MODEL_DRIVER_CONFIG_PATH (relative path to model driver configuration) e.g. "voice_chat/configs/model_driver.yaml"

OCR_PORT = 8885 (used by OCR container to avoid conflict with port used by fastAPI)

SERVICE_AGENT_PROVIDER (used for AI-powered text editing e.g 'OPENAI') SERVICE_AGENT_MODEL (name of model to use for AI-powered text editing e.g. 'gpt-3.5-turbo')

Note: assembly.ai (STT) if required here as a temporary token for use on the front end needs to be generated.
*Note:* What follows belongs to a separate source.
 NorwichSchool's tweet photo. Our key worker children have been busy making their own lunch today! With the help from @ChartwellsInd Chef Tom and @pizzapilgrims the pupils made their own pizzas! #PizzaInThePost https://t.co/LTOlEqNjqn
Running the dependant service

Yakwith.ai backend uses TGI ( to serve models), tesseract server ( OCR) and mongoDB for persistant storage. Each of these services runs in docker. See docker-compose.yml for details and to update for your local file structure.

docker-compose pull
docker-compose up -d

TGI listens on port 8080 Tesseract OCR on port 8885 mongodb on port 27017

Alternatively you can run them seperately with docker. For convenience the docker commands are included in the Makefile. To run TGI:

# from root directory 
source .venv/bin/activate
make run_tgi  # this will launch TGI and expose port 8080 for model serving.

Launch the api

The api isn't yet dockerized. To run it use the command run_api in the Makefile

make run_api

which will start the api on port 8884

The api is build using fastAPI and so the api is has automatically generated documentation at http://localhost:8884/docs

IMPORTANT

If you are running the front end on any port other than 3000, then you'll need to add the URL where your front end is being served to the list of origins in the chat_api.py. Unless your URL is present in the list of origins, your requests will be blocked by the Cross Origin policies.